I'm an emacs user. In the morning I fire up emacs and right away open up an eshell buffer. I prefer the eshell (M-x eshell) over the normal shell buffer due to its little perks like:
dylan:~/one/two/three/four/five$ cd .....
dylan:~/one
i.e.:
cd ... = cd ../..
cd .... = cd ../../..
It's the little things :).
Also, I like how when I'm in an eshell buffer and run grep, it opens the results in a new buffer and I can continue with whatever I'm doing.
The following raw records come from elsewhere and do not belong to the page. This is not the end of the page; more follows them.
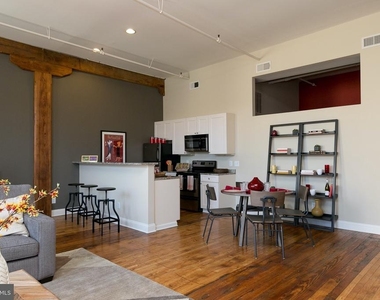 519 W Pratt Street - Photo Thumbnail 37
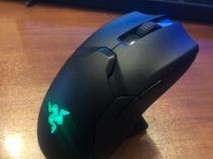 《炼狱蝰蛇登场，CF全新战术利器如何发挥极致？》（致命一击，枪王归来！）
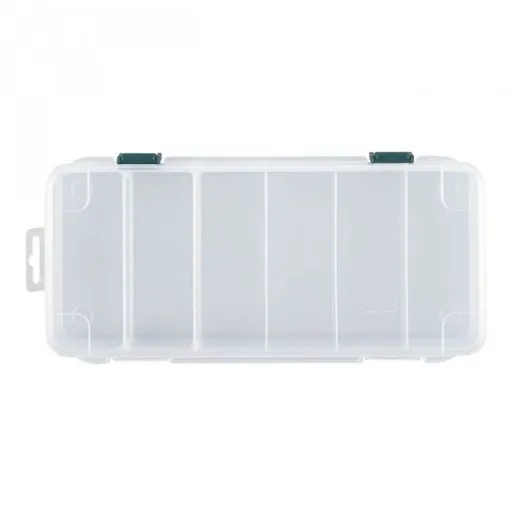 Meiho Box Lure 3L(L-3L),Meiho Box Lure 3L(L-3L)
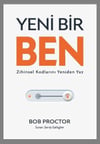 Yeni Bir Ben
One thing that has been annoying me for a while, however, was that when I ran grep -r in an eshell buffer it would also search through .svn directories, giving me a lot of crud in my results. In a normal bash shell I got around this by adding this line to my ~/.bash_aliases file:
alias grep="grep --exclude=\*.svn\*"
But that didn't work in eshell, since it's not really a bash shell. Luckily, after looking around a little, I found instructions on how to do aliases in eshell. I added a file called ~/.eshell/alias with the following contents:
alias grep grep --exclude=\*.svn\* $*
After killing and reopening my eshell, all is good! No more .svn directories in my greps. You'll notice that the syntax for the aliasing in eshell is similar, but not equal to the bash syntax. It seems you don't need the '=' or the quotes, and also you need to explicitly reference the args with the '$*'.